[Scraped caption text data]
▶

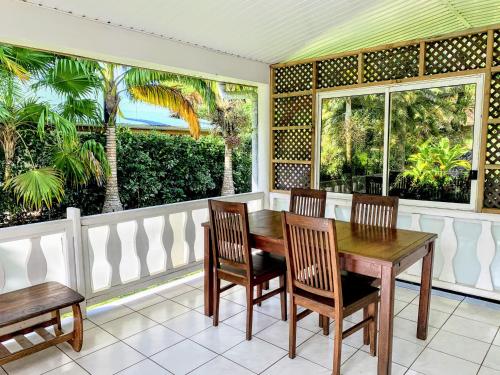 a dining room with a table and chairs and two windows at TAHITI - Fare Mitinui Surf Break in Mahina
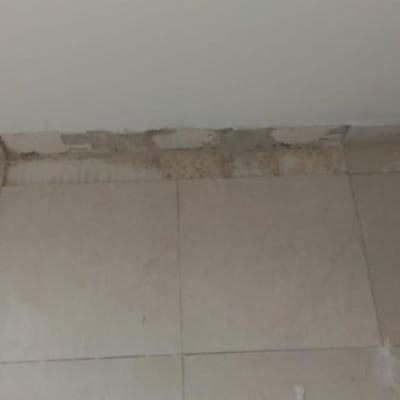 קיר עם טיח מתקלף מעל רצפה מרוצפת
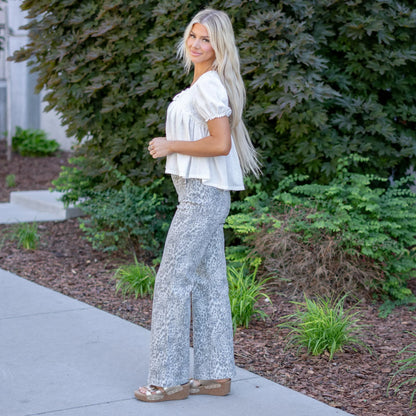 KanCan High Rise Wide Flare Jeans with Leopard Print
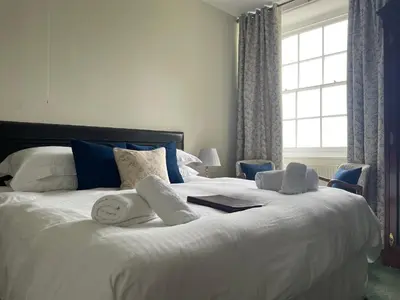 a bedroom with a large white bed with towels on it at Trevanger Farm Bed and Breakfast in Wadebridge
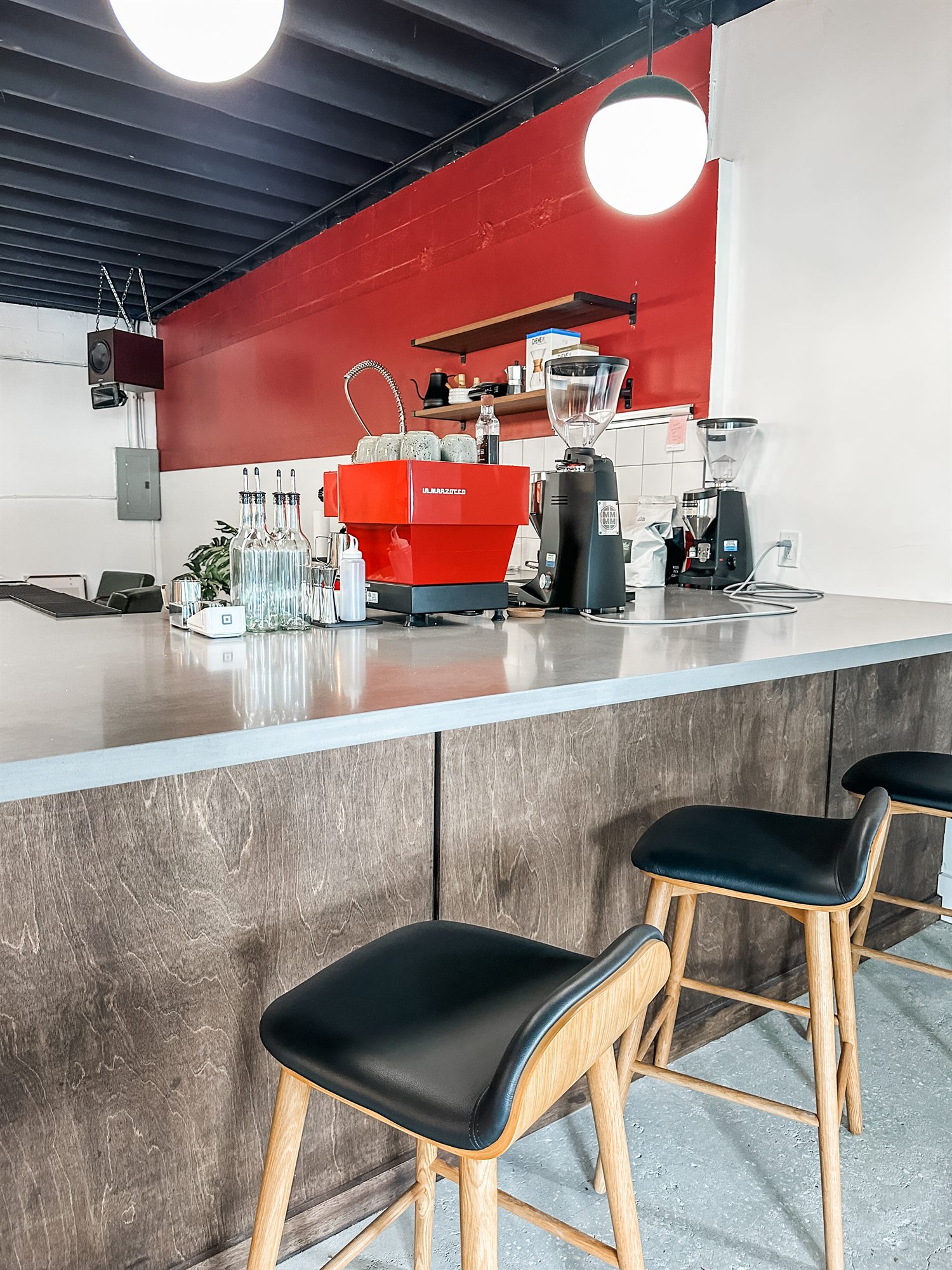 Bar stools along the customer counter beneath the red accent wall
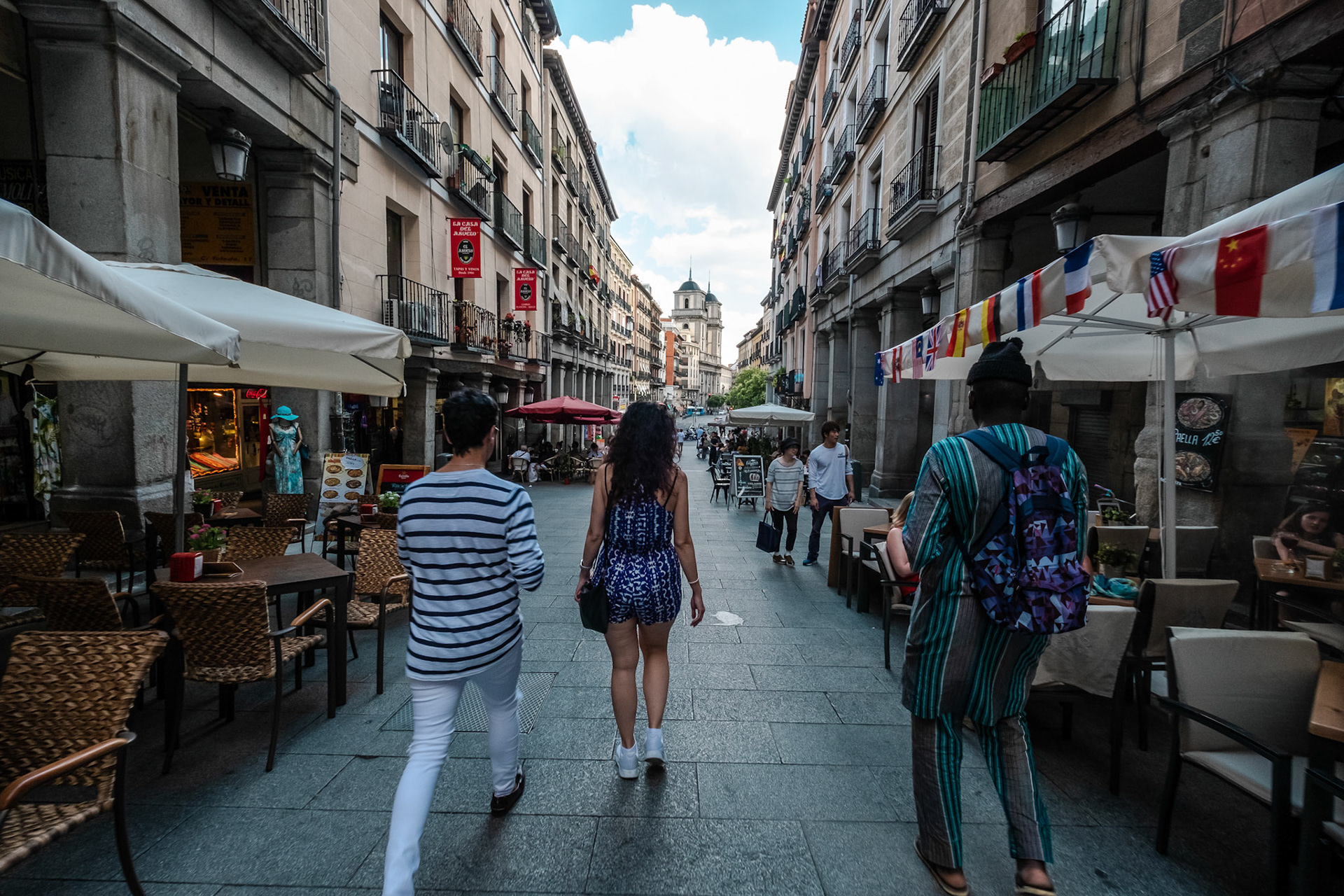 People walking the streets of  Madrid, Spain.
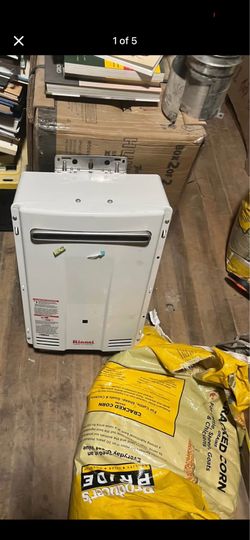 Tankless hot water heater natural gas never installed still new
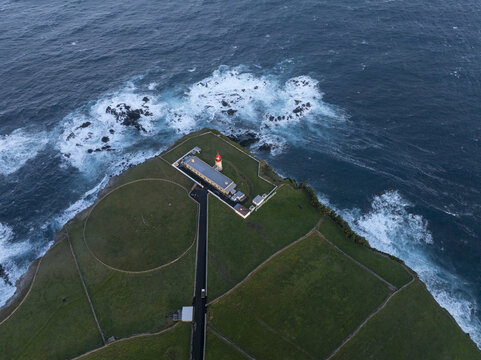 Aerial view of Farol de Alvernaz lighthouse perched on a green cliff edge overlooking the deep blue Atlantic Ocean with crashing waves and stone walls in Ponta Delgada, Acores, Portugal.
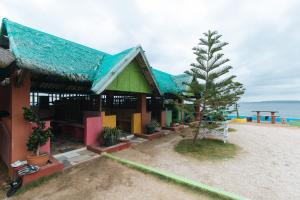 ein Haus am Strand mit einem Baum davor in der Unterkunft RGV Beach Resort Batangas in Calatagan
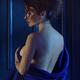 Woman holding bed sheets wrapped around her nude body revealing her na... (thumbnail)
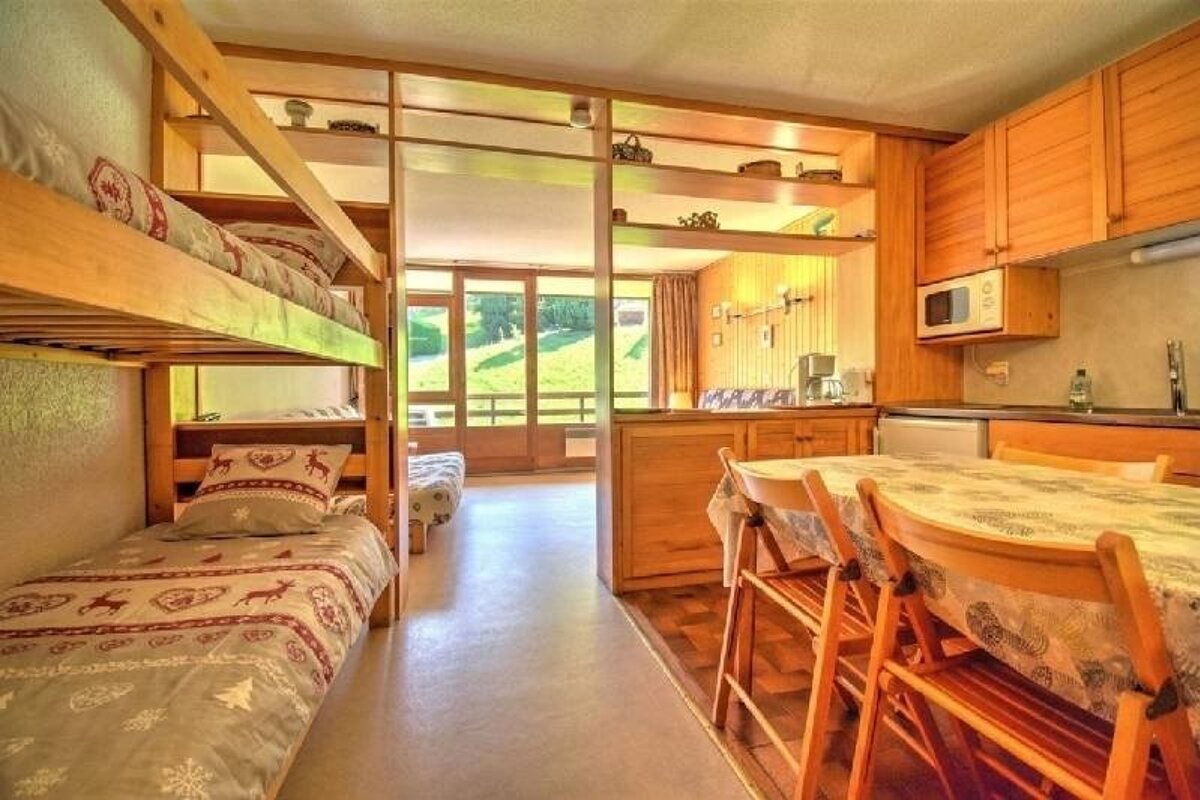 Cozy wooden cabin interior featuring bunk beds, a dining table, and a scenic green hillside view through large glass doors.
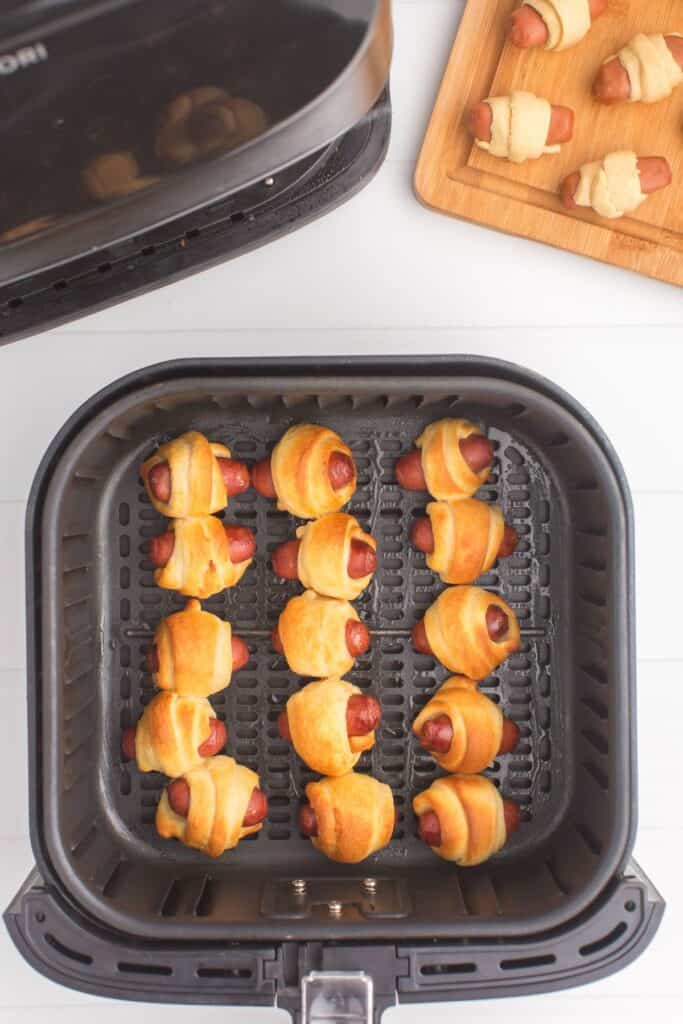 Cooked piggies in a blanket in an air fryer basket.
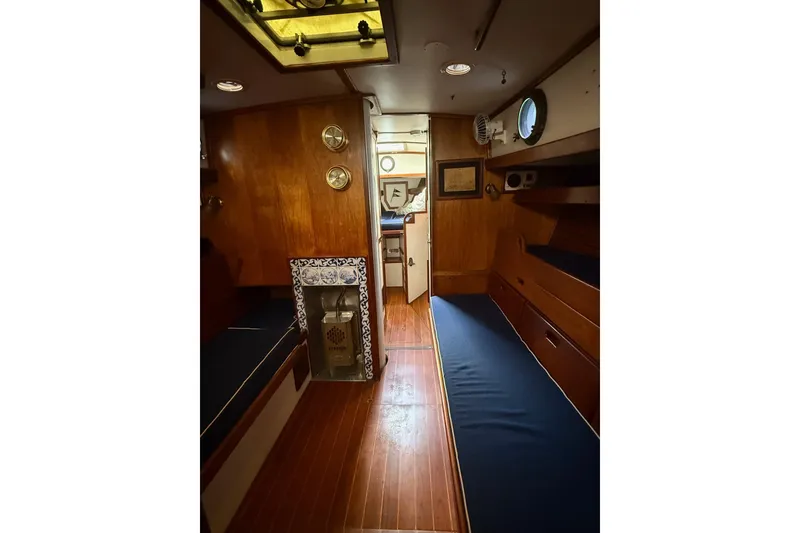 Slide: The Image of 1981 Kaiser 34' Gale Force offshore cutter cockpit with wooden seating and green covers. - 2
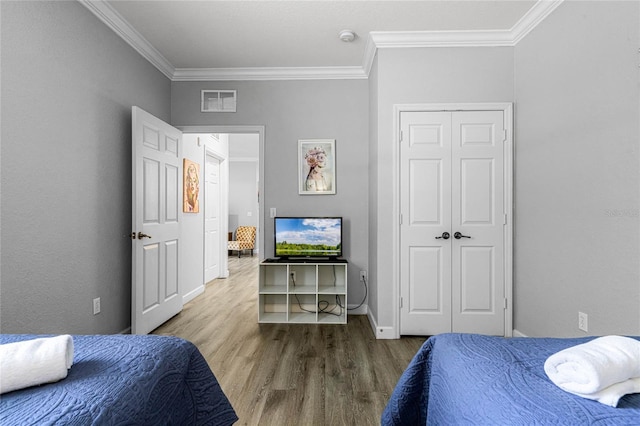 bedroom featuring a closet, wood-type flooring, and ornamental molding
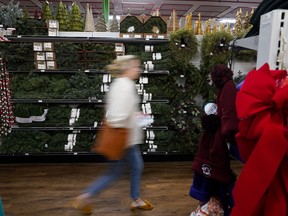 Holiday decorations are displayed at Blackhawk Hardware on Wednesday, Nov. 1, 2023, in Charlotte, N.C. Indeed says Canadian job postings for holiday positions are down 30 per cent from a year ago.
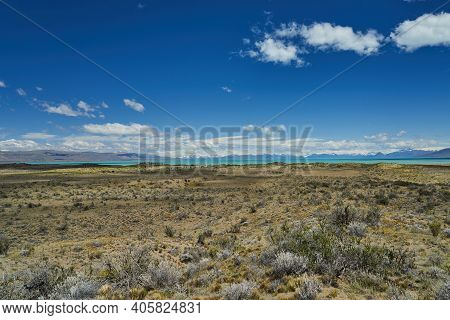 Vast Open Landscape In Patagonia At Turquoise Lago Viedma Close To Fitz Roy Mountain With Snow Cover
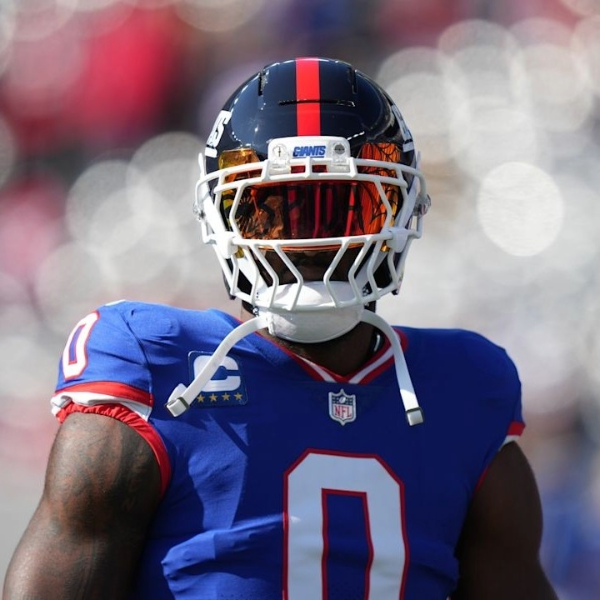 Football player Brian Burns in a blue and red jersey with number 0, wearing a shiny helmet and tinted visor, stands on the field, exuding focus and readiness.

◀

Aim of the exercise
Print the records above verbatim, pictures excluded.

Result for this task
 a dining room with a table and chairs and two windows at TAHITI - Fare Mitinui Surf Break in Mahina
 קיר עם טיח מתקלף מעל רצפה מרוצפת
 KanCan High Rise Wide Flare Jeans with Leopard Print
 a bedroom with a large white bed with towels on it at Trevanger Farm Bed and Breakfast in Wadebridge
 Bar stools along the customer counter beneath the red accent wall
 People walking the streets of  Madrid, Spain.
 Tankless hot water heater natural gas never installed still new
 Aerial view of Farol de Alvernaz lighthouse perched on a green cliff edge overlooking the deep blue Atlantic Ocean with crashing waves and stone walls in Ponta Delgada, Acores, Portugal.
 ein Haus am Strand mit einem Baum davor in der Unterkunft RGV Beach Resort Batangas in Calatagan
 Woman holding bed sheets wrapped around her nude body revealing her na... (thumbnail)
 Cozy wooden cabin interior featuring bunk beds, a dining table, and a scenic green hillside view through large glass doors.
 Cooked piggies in a blanket in an air fryer basket.
 Slide: The Image of 1981 Kaiser 34' Gale Force offshore cutter cockpit with wooden seating and green covers. - 2
 bedroom featuring a closet, wood-type flooring, and ornamental molding
 Holiday decorations are displayed at Blackhawk Hardware on Wednesday, Nov. 1, 2023, in Charlotte, N.C. Indeed says Canadian job postings for holiday positions are down 30 per cent from a year ago.
 Vast Open Landscape In Patagonia At Turquoise Lago Viedma Close To Fitz Roy Mountain With Snow Cover
 Football player Brian Burns in a blue and red jersey with number 0, wearing a shiny helmet and tinted visor, stands on the field, exuding focus and readiness.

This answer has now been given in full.